What worries U.S. investors most is a structure that can “blow up later.” For example: excessive redemption rights for early shareholders, multiple overlapping conversion mechanics, or verbally promised options that were never formally granted. These issues can block deal closing even when the business is performing well.
If you want to go deeper on terminology and structural concepts, the U.S. SEC’s investor education materials provide a solid baseline glossary.
The core cap table framework: “Simplicity + Predictability + Scalability”
When you design a cap table that needs to hold up with U.S. investors, evaluate it on three dimensions:
1) Simplicity: Keep the cognitive load low
U.S. investors treat time as money. If it takes too long to understand your cap table, they will assume additional risk is hiding beneath the surface. Minimize the number of share classes (common/preferred), cut down on one-off exceptions, and keep rights within each class as uniform as possible. The easier it is to understand, the more investable it becomes.
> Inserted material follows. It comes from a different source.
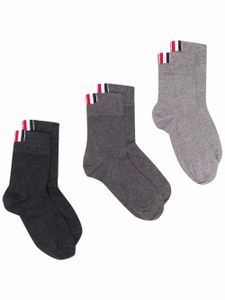 Thom Browne lot de trois paires de chaussettes à logo - Gris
2) Predictability: Dilution must model out in numbers
Investors immediately ask, “How much will the founders own after this round?” That means your dilution path must be modelable and transparent: option pool increases, SAFE conversions, participation features on existing preferreds, and more. A cap table is not just a static snapshot—it’s a scenario-driven model.
3) Scalability: It must roll into standard next-round documents
U.S.-style rounds typically follow a pattern: term sheet → stock purchase agreement → investors’ rights/shareholders’ agreement → amended charter or certificate. Your cap table needs to extend naturally into this standard documentation stack. If you embed too many local-market “exceptions” early on, you’ll pay a high restructuring cost in later rounds.
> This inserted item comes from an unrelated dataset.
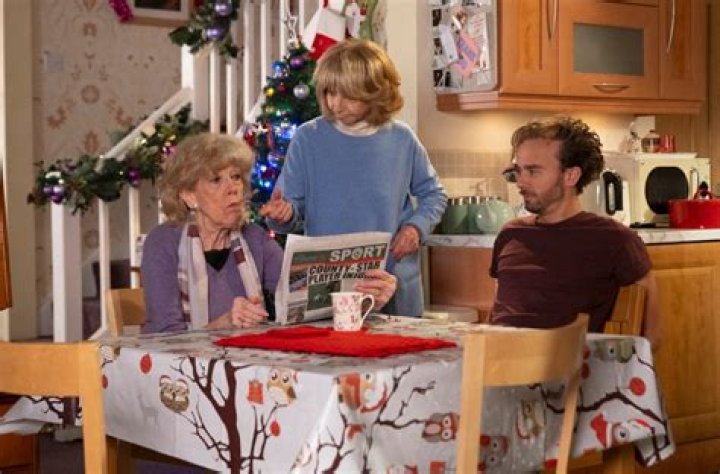 Coronation Street's Gail Platt stages an intervention for mum Audrey Roberts over her health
Six cap table structures that often break U.S. deals
In practice, the same structural problems show up again and again. If two or more of the following describe your company, U.S. investors will classify your structure as high risk:
- Multiple convertible notes/SAFEs with inconsistent valuation caps, discounts, or unclear ranking and priority.
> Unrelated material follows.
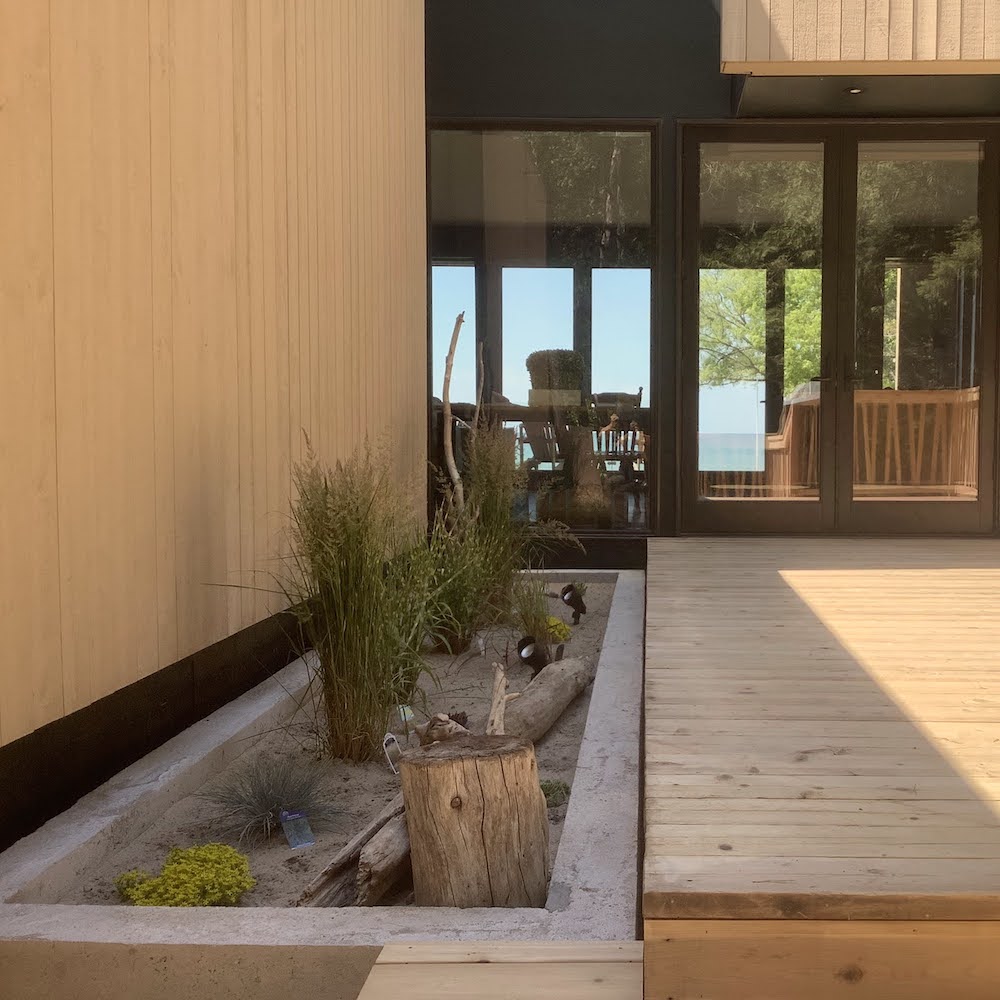 Planter 3 Cedar Deck with Bench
- Redeemable convertible preferred (RCPS or similar) with quasi-fixed returns that conflict with growth-style equity.
- Founder equity without vesting, and no mechanism to claw back already-issued shares if a founder leaves.
- Stock options that were “promised” verbally without board approvals, grant dates, exercise prices, or vesting schedules documented.
- Complicated ownership between subsidiaries/affiliates and IP that is not clearly centralized at the parent company.
- Minority shareholders holding scattered, excessive veto rights, ROFRs, or tag-along rights that make it hard to design a coherent rights package for new investors.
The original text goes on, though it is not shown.